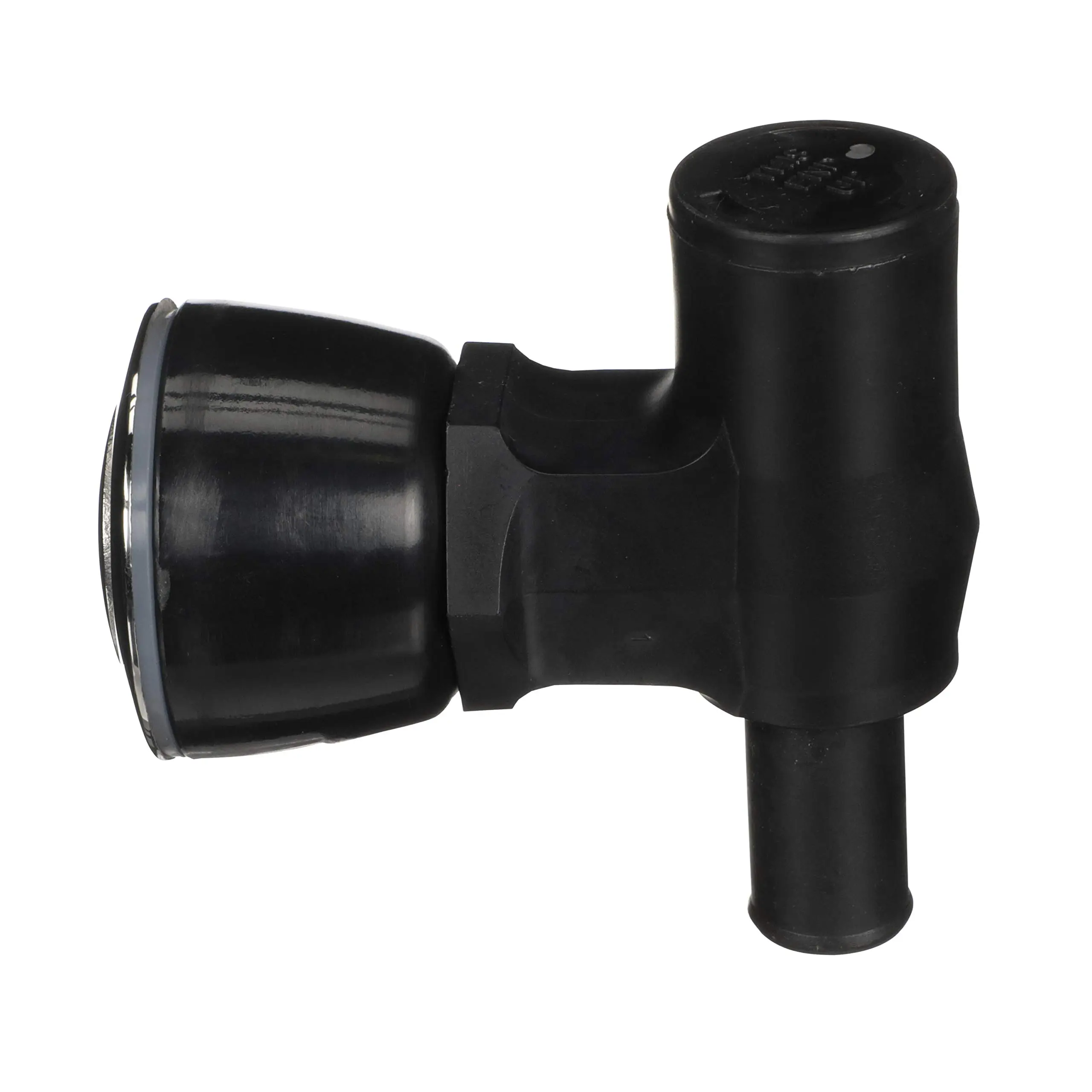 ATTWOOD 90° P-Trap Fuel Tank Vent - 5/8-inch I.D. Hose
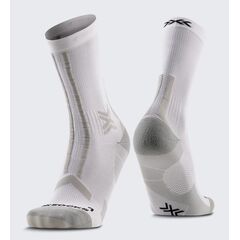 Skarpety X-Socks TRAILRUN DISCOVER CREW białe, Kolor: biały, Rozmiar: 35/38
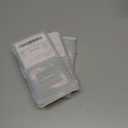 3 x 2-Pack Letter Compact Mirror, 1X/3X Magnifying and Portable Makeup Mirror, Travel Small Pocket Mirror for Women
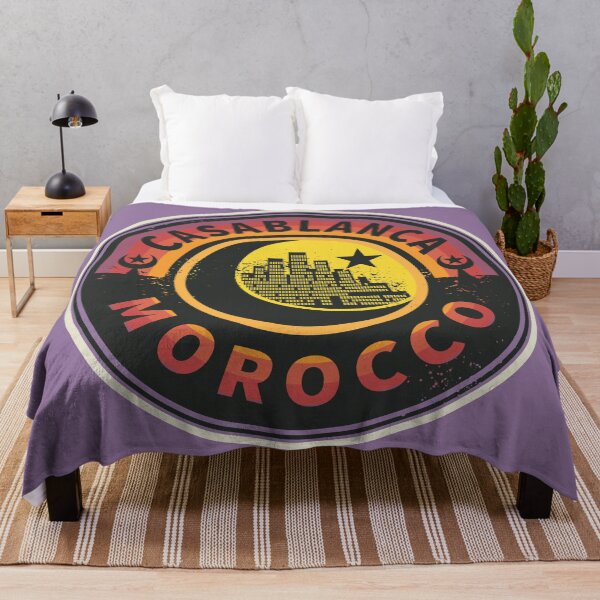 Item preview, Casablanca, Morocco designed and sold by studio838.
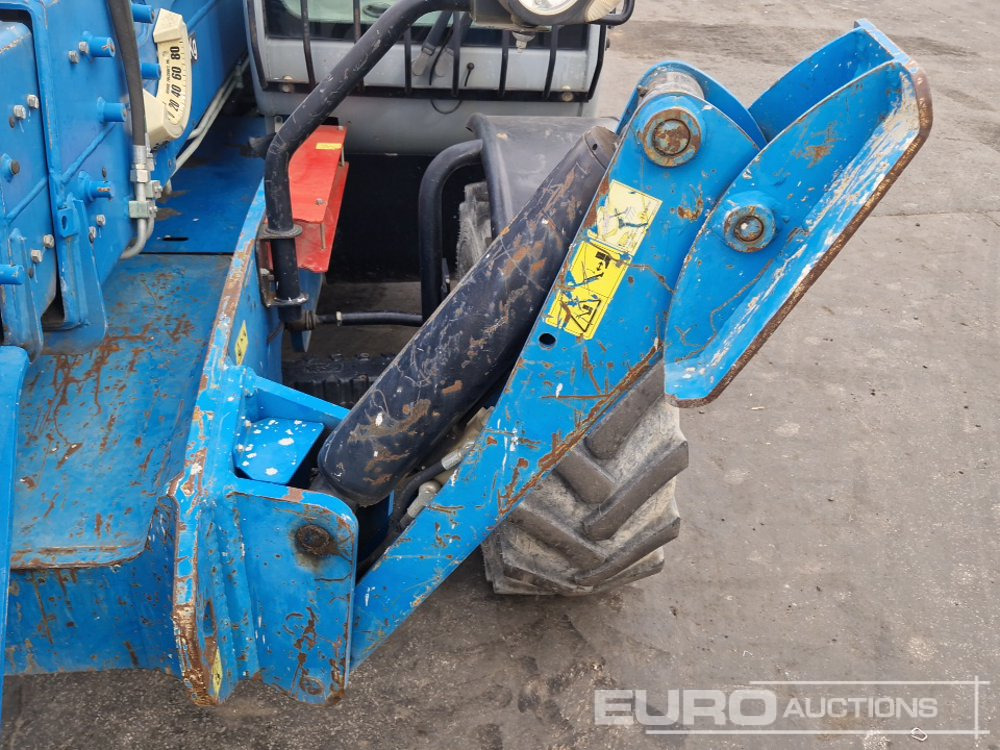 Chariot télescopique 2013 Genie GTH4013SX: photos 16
▬▬▬
Task –
Write the records out again in full, exactly, and skip every picture.

Answer section –
 ATTWOOD 90° P-Trap Fuel Tank Vent - 5/8-inch I.D. Hose
 Skarpety X-Socks TRAILRUN DISCOVER CREW białe, Kolor: biały, Rozmiar: 35/38
 3 x 2-Pack Letter Compact Mirror, 1X/3X Magnifying and Portable Makeup Mirror, Travel Small Pocket Mirror for Women
 Item preview, Casablanca, Morocco designed and sold by studio838.
 Chariot télescopique 2013 Genie GTH4013SX: photos 16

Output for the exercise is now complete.